DESCRIPTION OF THE TASK: Please return the whole listing. Keep each line exactly the same.

++++++++

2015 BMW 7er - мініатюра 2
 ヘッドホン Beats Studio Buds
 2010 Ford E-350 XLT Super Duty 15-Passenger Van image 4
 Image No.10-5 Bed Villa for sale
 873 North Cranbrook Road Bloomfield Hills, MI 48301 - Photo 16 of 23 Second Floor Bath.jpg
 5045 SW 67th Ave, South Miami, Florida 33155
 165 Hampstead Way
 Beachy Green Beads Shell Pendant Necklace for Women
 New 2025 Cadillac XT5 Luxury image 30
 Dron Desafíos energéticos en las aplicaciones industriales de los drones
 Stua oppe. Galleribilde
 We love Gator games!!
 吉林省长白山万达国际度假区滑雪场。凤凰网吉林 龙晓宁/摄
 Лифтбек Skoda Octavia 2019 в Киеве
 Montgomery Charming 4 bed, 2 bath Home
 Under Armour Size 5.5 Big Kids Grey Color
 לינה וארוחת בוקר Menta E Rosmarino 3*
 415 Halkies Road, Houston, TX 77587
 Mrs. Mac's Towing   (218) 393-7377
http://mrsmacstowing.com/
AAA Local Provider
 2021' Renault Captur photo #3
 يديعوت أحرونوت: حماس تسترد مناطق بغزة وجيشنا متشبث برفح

++++++++

YOUR RESPONSE:
2015 BMW 7er - мініатюра 2
 ヘッドホン Beats Studio Buds
 2010 Ford E-350 XLT Super Duty 15-Passenger Van image 4
 Image No.10-5 Bed Villa for sale
 873 North Cranbrook Road Bloomfield Hills, MI 48301 - Photo 16 of 23 Second Floor Bath.jpg
 5045 SW 67th Ave, South Miami, Florida 33155
 165 Hampstead Way
 Beachy Green Beads Shell Pendant Necklace for Women
 New 2025 Cadillac XT5 Luxury image 30
 Dron Desafíos energéticos en las aplicaciones industriales de los drones
 Stua oppe. Galleribilde
 We love Gator games!!
 吉林省长白山万达国际度假区滑雪场。凤凰网吉林 龙晓宁/摄
 Лифтбек Skoda Octavia 2019 в Киеве
 Montgomery Charming 4 bed, 2 bath Home
 Under Armour Size 5.5 Big Kids Grey Color
 לינה וארוחת בוקר Menta E Rosmarino 3*
 415 Halkies Road, Houston, TX 77587
 Mrs. Mac's Towing   (218) 393-7377
http://mrsmacstowing.com/
AAA Local Provider
 2021' Renault Captur photo #3
 يديعوت أحرونوت: حماس تسترد مناطق بغزة وجيشنا متشبث برفح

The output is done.